Depressive disorder (DD) is the leading cause of disability worldwide and is the most prevalent mood disorder. Accumulative evidence from epidemiological studies has shown that DD is a risk factor for cancer. However, the role and molecular mechanism of DD in hepatocellular carcinoma (HCC) are still unknown. In this study, 30 mice were randomly divided into two groups: the HCC group and the HCC-DD group. The DD mouse model of HCC was established by induction with reserpine every other day and with monthly doses of diethylnitrosamine (DEN). All of the molecular studies were based on primary cell culture, and the effects of DD on HCC cell proliferation and migration and cancer stem cell (CSC) self-renewal were determined by colony formation, wound healing, and sphere culture assays. We found that the CSC markers ABCG2 and CD133 were upregulated in HCC-DD primary cells compared with HCC primary cells. Moreover, HCC-DD primary cells were more aggressive in terms of metastasis and self-renewal than HCC primary cells. Further study revealed that DD promoted tumor growth and metastasis by activating the AKT signaling pathway followed by an increased ABCG2 expression. Taken together, our novel findings indicate that DD promotes proliferation, self-renewal, and metastasis by upregulating ABCG2 in the AKT pathway.

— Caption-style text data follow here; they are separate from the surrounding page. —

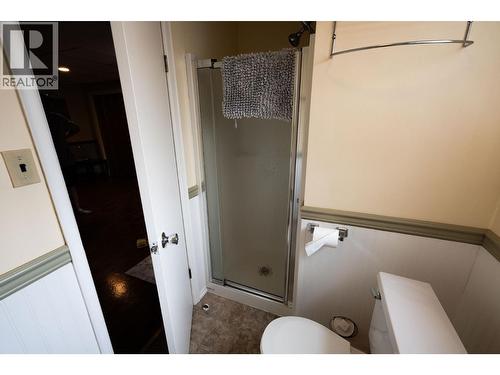 1955 Commodore Crescent, Williams Lake, BC - Indoor Photo Showing Bathroom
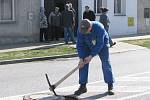 Bouřilvé jednání v reakci na stížnost občana Lomnice nad Lužnicí na nefunkční kanalizační přípojku. 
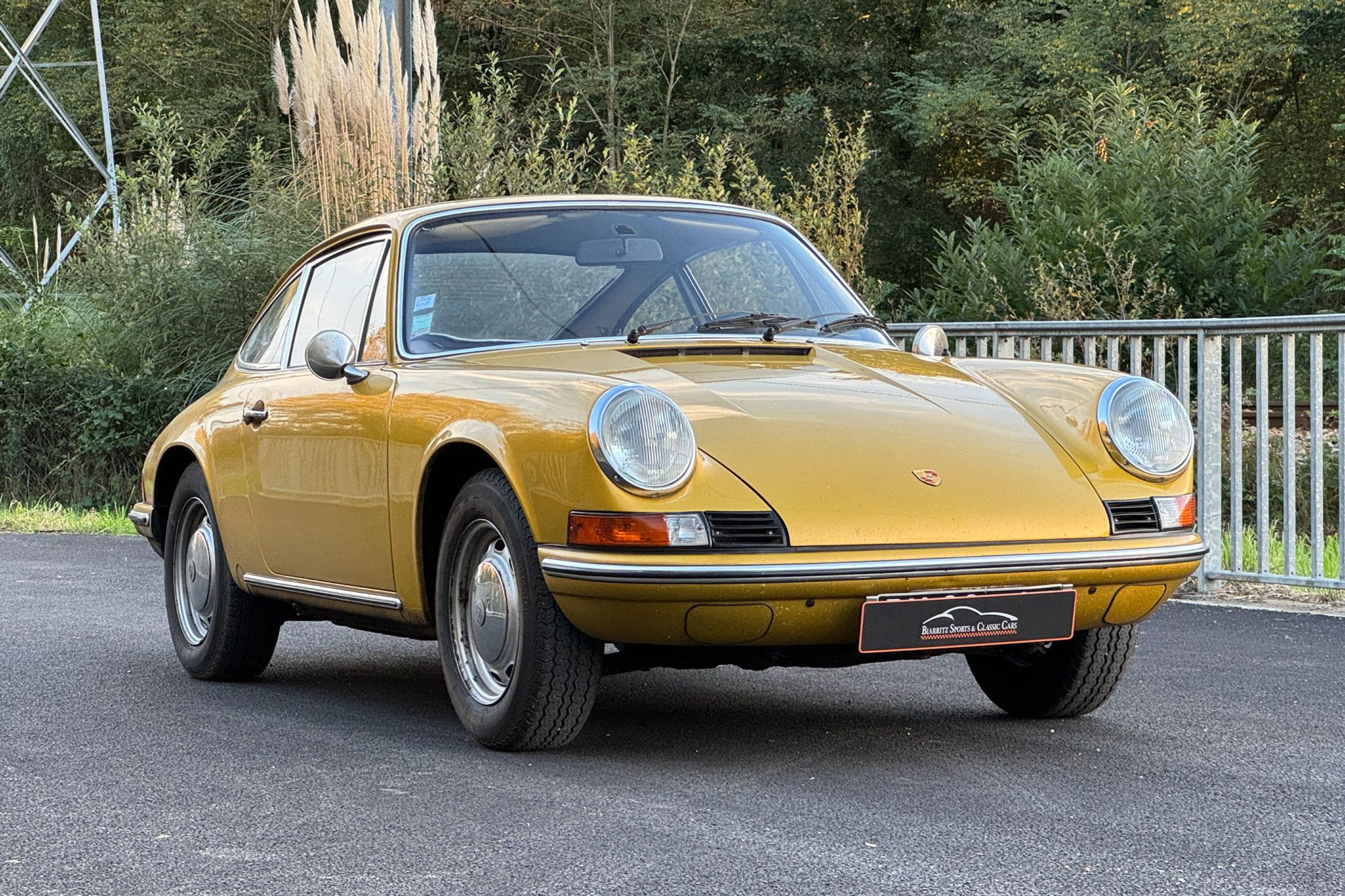 Porsche 911 2.4T 3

Keywords: Depressive disorder, Hepatocellular carcinoma, Metastasis, CSCs, ABCG2

Introduction

Studies suggest that one out of five people will suffer from a mood disorder during their lifetime [1]. Major depressive disorder (MDD) is the leading cause of disability worldwide and is the most prevalent mood disorder [2]. Clinical studies report a high prevalence of MDD comorbidity with inflammatory diseases, including cardiovascular diseases, diabetes, metabolic disorders, asthma, and rheumatoid arthritis [3]. Depressive disorder(DD), also known as clinical depression, major depression, unipolar depression, or unipolar disorder, it is a mental disorder characterized by an all-encompassing low mood accompanied by experiencing a loss of energy and interest, feelings of guilt, difficulty in concentrating, loss of appetite, and thoughts of death or suicide[4, 5]. Depressive disorder is the leading cause of the diminution of health not only in the general population, but also in cancer patients [6]. Mental health problems have been shown to have a larger impact on health utility values than physical health problems. To better understand DD, an animal model of the progressive development of depression is needed. In a previous study, repeated administration of reserpine was performed to establish a mouse model of DD [7]. Reserpine is an indole alkaloid that has recently been applied as an antihypertensive drug. Reserpine inhibits the uptake of catecholamines by acting as an irreversible inhibitor of the vesicular amine pump and ultimately results in the depletion of catecholamine stores [8]. Apart from studying the antidepressive effects of certain novel agents, this model is beneficial for studying the progressive development of depression.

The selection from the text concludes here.